It was another tumultuous week as the spreading coronavirus crisis caused markets to tumble and countries to close their borders.
We saw the UK close schools and advise against trips to pubs and theatres while both the Federal Reserve and the Bank of England cut interest rates. It’s time for the week in news.
1 Pension problems
Clients approaching retirement have scrambled for advice over the past month as they face “catastrophic” short-term pension losses due to the growing crisis.
Advisers told FTAdviser they had been stressing the importance of their existing plans to clients, but some expressed concern over client reactions and flagged sequencing risk as a problem for those in drawdown.
Clients invested in a typical balanced portfolio have seen more than 10 per cent knocked from their pot over the past few weeks. The IA Mixed Investment 20-60% Shares sector, home to many multi-asset funds has dropped about 12 per cent since February 17.
2 Fighting Covid-19
Markets have continued to dwindle this week even against a backdrop of fiscal and monetary stimulus plans from central banks and governments.
The S&P 500 tumbled 6 per cent so far this week despite the Federal Reserve cutting interest rates and announcing a $700bn war-chest.
Meanwhile the FTSE 100 has fared slightly better, losing just 2.3 per cent since Monday. The Bank of England cut interest rates for a second time in just over a week to 0.1 per cent — the lowest it has ever been — while chancellor Rishi Sunak revealed £350bn for businesses and households.
He is expected to announce further measures today in the form of a rescue package to help British companies retain staff and stay open throughout the pandemic, which could last months.
The European Central Bank also launched an emergency lifeline worth €750bn (£700bn).
3 Gates up
Some eight asset managers temporarily stopped trading across their property fund ranges because the Covid-19 virus had created uncertainty in the UK property market.

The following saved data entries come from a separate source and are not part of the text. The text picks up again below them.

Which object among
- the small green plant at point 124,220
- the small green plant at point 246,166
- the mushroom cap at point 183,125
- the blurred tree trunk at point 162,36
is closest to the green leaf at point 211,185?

This, in turn, made it difficult to value the property owned by the funds with the same degree of certainty as would otherwise be the case.
FCA rules, due to come into effect in September this year, require property funds to automatically suspend when their valuers find material uncertainty over the pricing but it seems funds are acting on this advice now.
4 Virus halts FCA plans
The regulator this week told FTAdviser it was reviewing which regulatory work could be postponed in an attempt to allow firms in the financial services sector to focus on "supporting their customers during this difficult period".
The FCA is also reducing the number of meetings firms are required to attend and postponed a number of consultations including on vulnerable customers and open finance.
Just today the Bank of England said it would not go ahead with plans to consult 300 open-ended funds on liquidity issues which would in turn halt the FCA’s consultation on the same topic.